Items listed in a dataset
___

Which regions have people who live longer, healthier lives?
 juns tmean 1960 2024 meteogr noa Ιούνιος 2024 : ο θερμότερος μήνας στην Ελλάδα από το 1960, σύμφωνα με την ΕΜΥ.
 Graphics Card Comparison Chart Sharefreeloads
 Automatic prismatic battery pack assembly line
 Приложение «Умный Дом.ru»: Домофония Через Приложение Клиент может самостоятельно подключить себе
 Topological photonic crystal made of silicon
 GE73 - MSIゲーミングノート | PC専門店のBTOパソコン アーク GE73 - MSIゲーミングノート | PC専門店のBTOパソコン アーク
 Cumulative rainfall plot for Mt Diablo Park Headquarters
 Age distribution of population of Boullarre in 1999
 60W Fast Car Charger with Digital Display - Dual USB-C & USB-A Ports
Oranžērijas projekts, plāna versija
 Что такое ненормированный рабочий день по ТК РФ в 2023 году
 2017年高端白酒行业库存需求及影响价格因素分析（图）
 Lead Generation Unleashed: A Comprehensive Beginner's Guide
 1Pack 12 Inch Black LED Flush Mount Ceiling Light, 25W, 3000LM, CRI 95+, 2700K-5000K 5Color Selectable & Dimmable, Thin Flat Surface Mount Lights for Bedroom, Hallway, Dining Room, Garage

___

◆ **Task brief**: Could you please copy the lines above exactly, beginning at the first and ending at the line that contains "самостоятельно подключить себе"?

◆ **Solution to this exercise**:
Which regions have people who live longer, healthier lives?
 juns tmean 1960 2024 meteogr noa Ιούνιος 2024 : ο θερμότερος μήνας στην Ελλάδα από το 1960, σύμφωνα με την ΕΜΥ.
 Graphics Card Comparison Chart Sharefreeloads
 Automatic prismatic battery pack assembly line
 Приложение «Умный Дом.ru»: Домофония Через Приложение Клиент может самостоятельно подключить себе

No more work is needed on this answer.